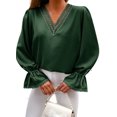 thumbnail image 1 of Asyoly Womens Tops Sex V Neck Lace Panel Long Sleeve Sweatshirt Pullover Top Elegant Solid Color Blouse, 1 of 3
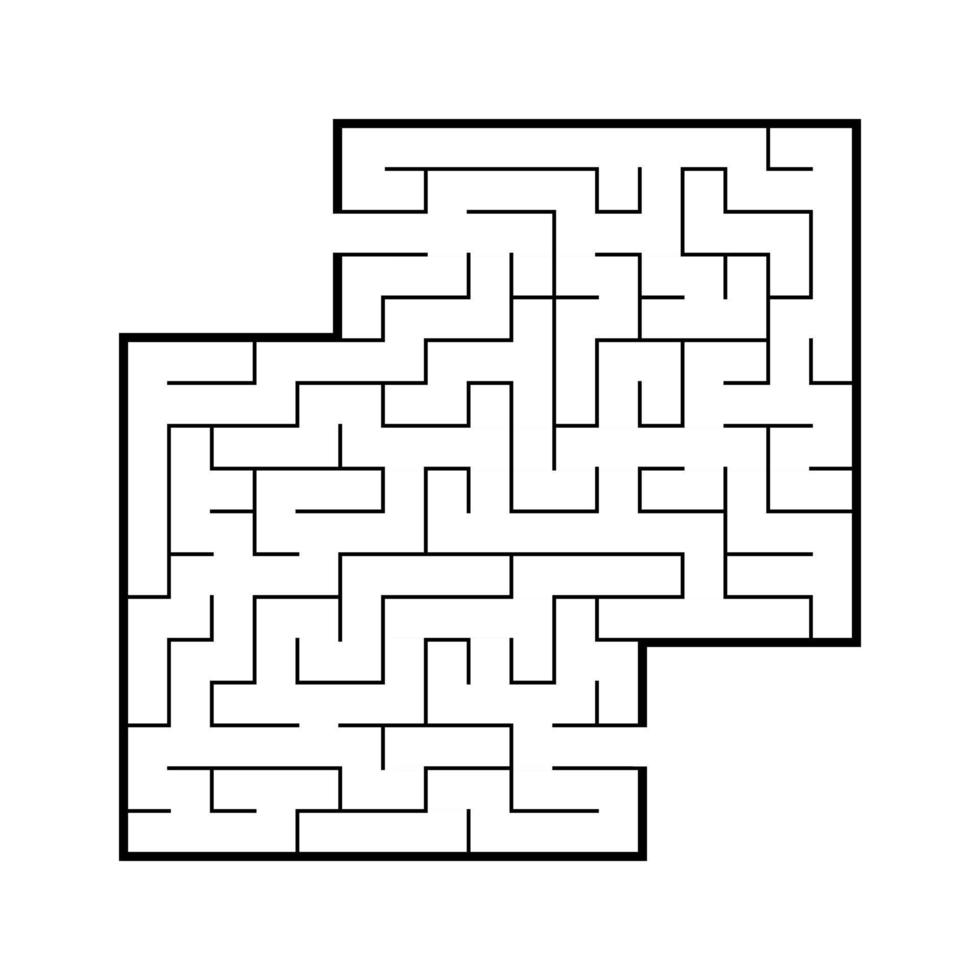 Abstract square maze. Game for kids. Puzzle for children. Labyrinth conundrum. Flat vector illustration isolated on white background. With place for your image.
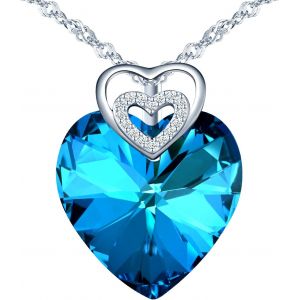 Collier Coeur Pour Femme Coeur Cristal Collier En Argent 925 Pendentif Coeur Bleu/Violet Clair/Color&eacute;/Violet/Jaune Pierre Bijoux Avec Cristaux Cadeau Pour Maman Elle Fille Amie - Neuf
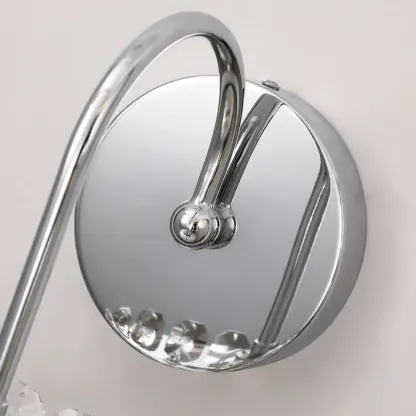 Modern Crystal Wall Sconce with Metallic Finish Image - 6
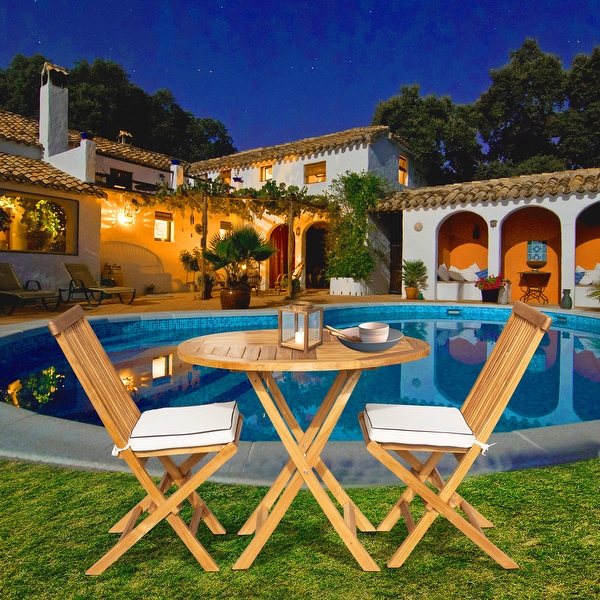 Chic Teak 3 Piece Teak Wood Barcelona Patio Bistro Dining Set 36
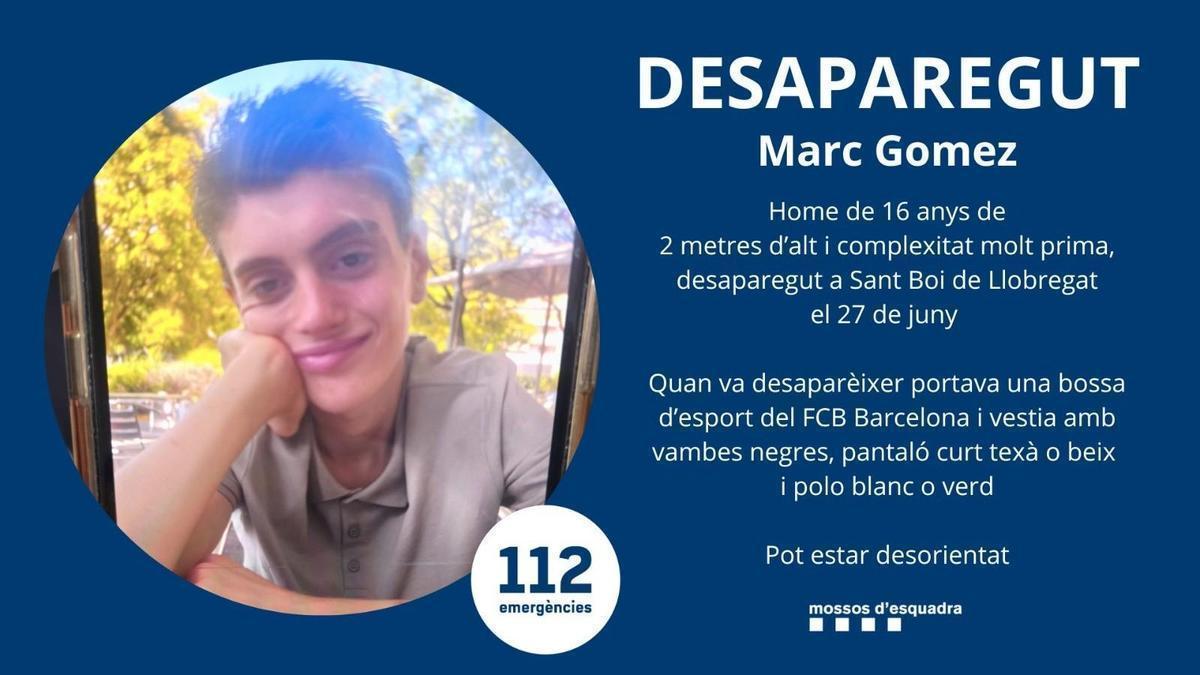 Desaparecido un menor de 16 años en Sant Boi de Llobregat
□ □ □ □ □
Transcribe nothing but the lines from the one containing "Modern Crystal Wall" through the final line of the records, exactly as written and without pictures.

Task response.
 Modern Crystal Wall Sconce with Metallic Finish Image - 6
 Chic Teak 3 Piece Teak Wood Barcelona Patio Bistro Dining Set 36
 Desaparecido un menor de 16 años en Sant Boi de Llobregat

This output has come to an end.